Prompt Caching Savings Calculator
See how much prompt caching saves on your API bill. When many requests share a long, identical prefix — a system prompt, a document, a few-shot block — providers can cache it and charge a fraction to reuse it. Enter your cached and fresh token counts, your monthly volume, and your cache hit rate to compare the cost with and without caching, and the break-even. All math runs locally.
| Input cost without caching | |
| Input cost with caching | |
| Monthly savings | |
| Savings |
Covers input-token cost only — output tokens are billed the same either way. Multipliers are applied to the base input price. Prices change; verify against your provider's current rate card.
How to use the Prompt Caching Savings Calculator
Pick a provider scheme to load its caching multipliers, or choose Custom and enter them yourself. The base input price is your model's normal per-million-token input rate; the write and read multipliers scale it for caching a prefix and for reusing one. Then describe your workload: how many tokens are in the shared prefix (the part that repeats), how many are unique per request, your monthly request count, and the share of requests that hit a warm cache.
The result compares input cost with and without caching and shows the monthly saving in both dollars and percent. The bigger your shared prefix relative to the fresh part, and the higher your hit rate, the more caching wins. If your prefix is small or your hit rate is low, caching can even cost slightly more because of the write surcharge — the calculator makes that trade-off visible.
How prompt caching pricing works
Large prompts often repeat. A coding agent resends the same system prompt and tool definitions on every turn; a document-QA app resends the whole document for each question; a few-shot classifier resends the same examples.
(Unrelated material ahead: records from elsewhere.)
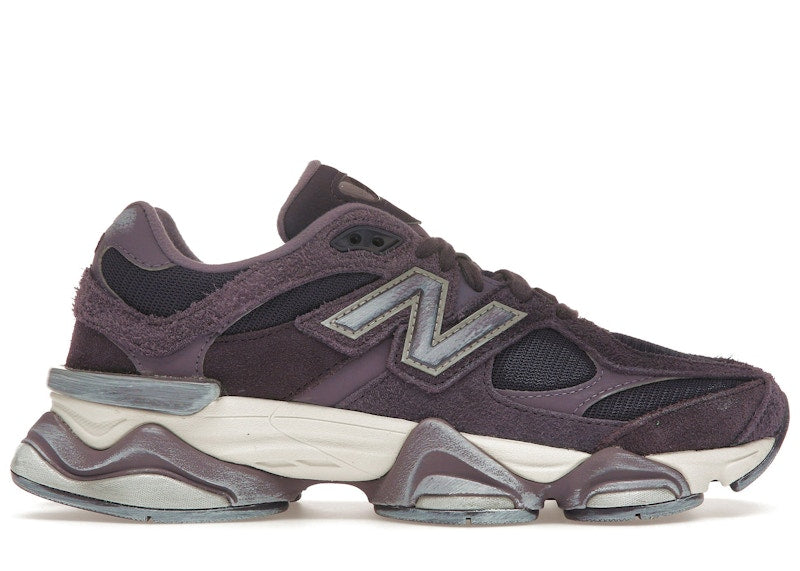 New Balance 9060 Asos Exclusive Purple Overdye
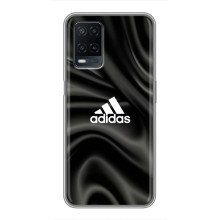 Чохол з картинкою Адідас на OPPO A54 – Adidas logo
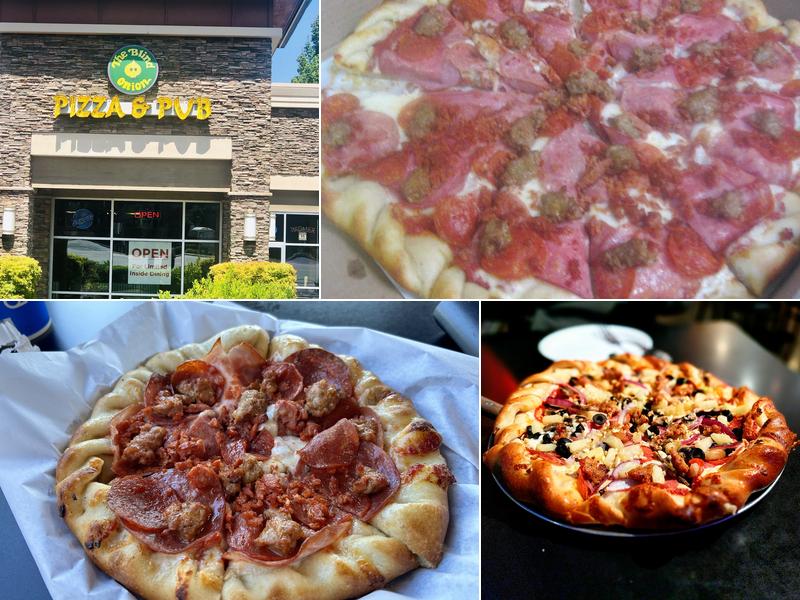 Blind Onion Pizza & Pub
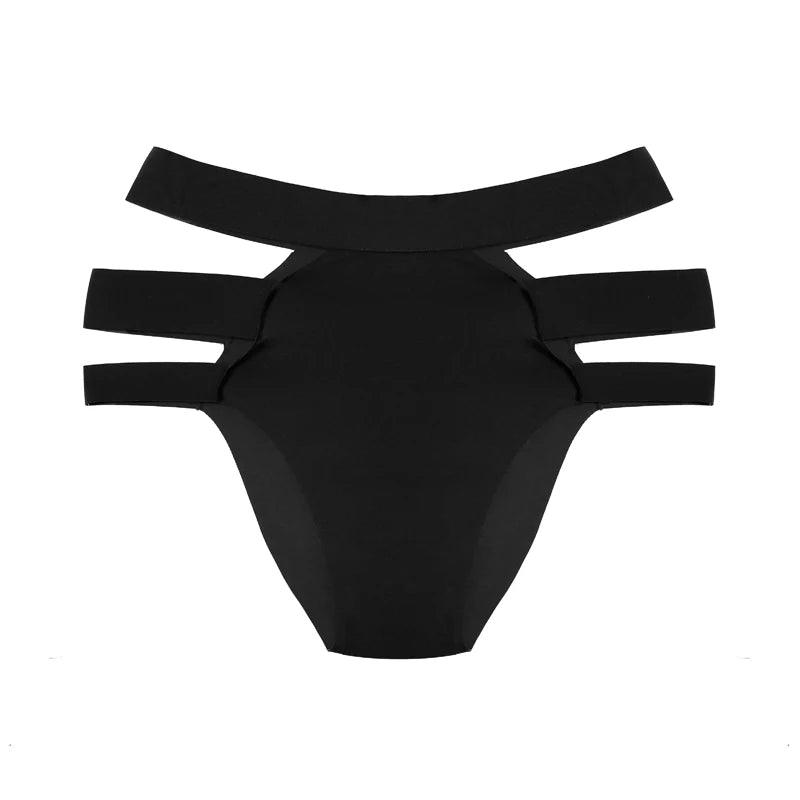 High Waisted Bandage Pantie Panties - The Burner Shop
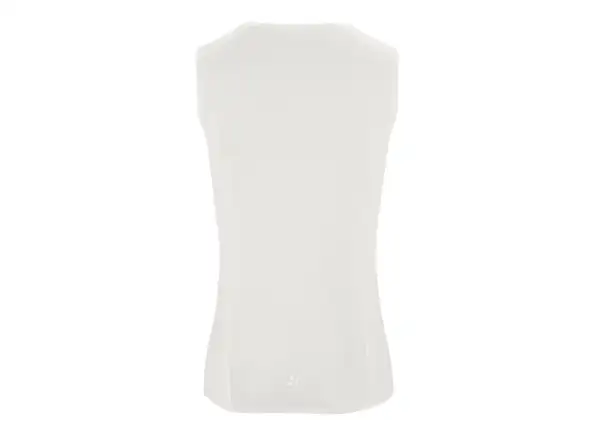 Craft Pro Dry Nanoweight men's sleeveless shirt white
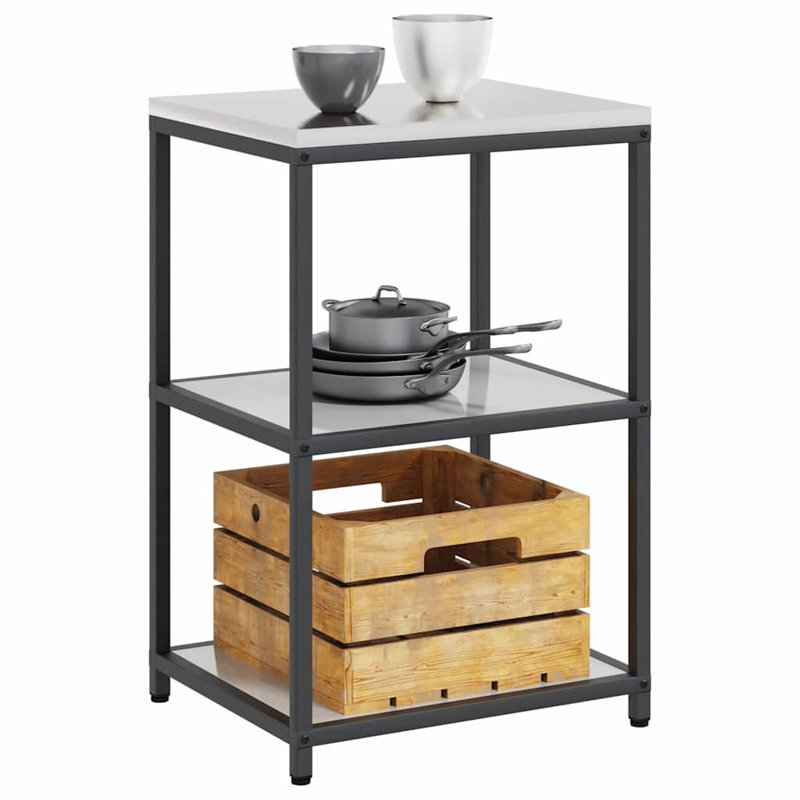 Kitchen Cabinet Set, 92cm H x 60cm W x 50cm D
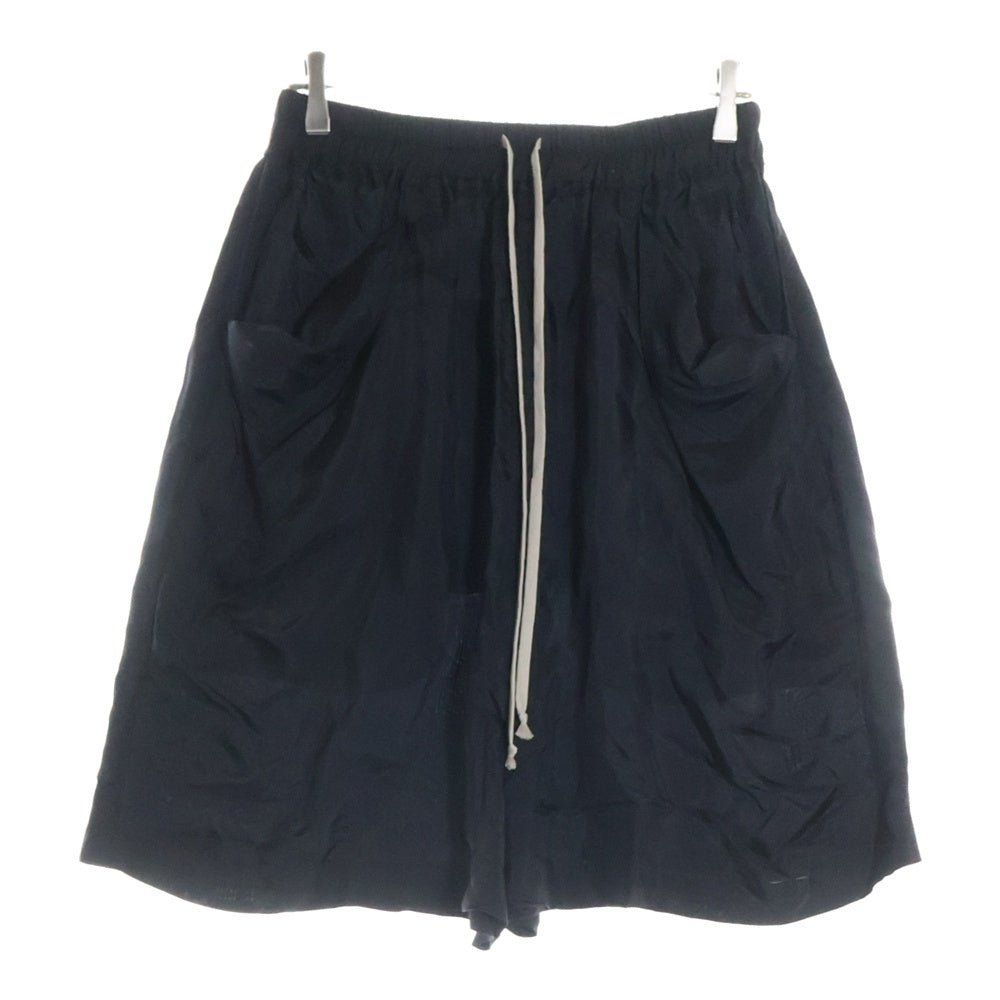 Rick Owens(リックオウエンス) 24SS LIDO BOXES J LIDO BOXER SHORTS ハーフパンツ RU01D3399-J ブラック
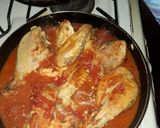 Foto del paso 4 de la receta: Pollo a la pizza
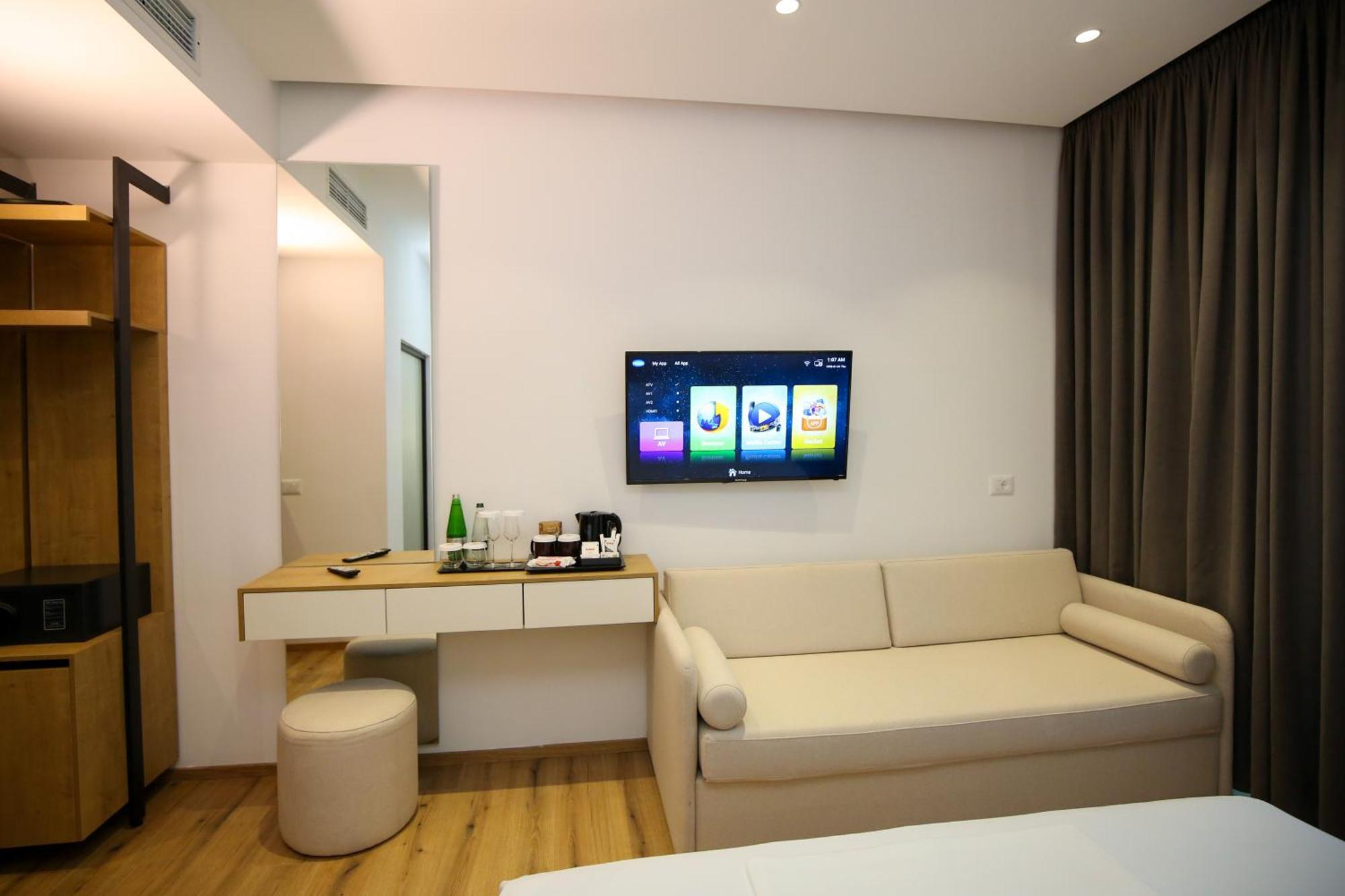 Oricon Coast Luxury Resort Орикум Екстериор снимка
Without caching you pay full input price for those tokens every single time. Prompt caching lets the provider store the processed prefix so subsequent requests that begin with the same tokens are billed at a steep discount — the model skips re-reading the cached part.
The pricing has two parts. Writing to the cache (the first request, a miss) can carry a small surcharge — Anthropic charges about 1.25x the base input rate for a short-lived cache write — because the provider does extra work to store the prefix. Reading from the cache (subsequent hits) is heavily discounted: roughly 0.1x base on Anthropic, 0.5x on OpenAI's automatic caching, and around 0.25x for Gemini's context caching. OpenAI applies caching automatically with no write surcharge; Anthropic requires you to mark cache breakpoints explicitly and offers both 5-minute and 1-hour cache lifetimes at different write prices.
The economics hinge on three numbers: how large the shared prefix is, how often you reuse it before it expires (the hit rate), and the write-versus-read spread. A long prefix reused thousands of times approaches the read multiplier — on Anthropic that is a roughly 90% input saving. A short prefix, or one that expires before reuse, barely helps and the write surcharge can make it marginally more expensive. This calculator models exactly that so you can decide whether to restructure a prompt to maximize the cacheable prefix.
Common use cases
- Justifying a caching rollout. Put a monthly dollar figure on enabling caching before you change any code.
- Structuring prompts. See how much you gain by moving stable content to the front so more of the prompt is cacheable.
- Comparing providers. Weigh Anthropic's deep read discount with a write surcharge against OpenAI's automatic 50% cached rate.
- Setting hit-rate targets. Find the hit rate at which caching breaks even for your prefix size.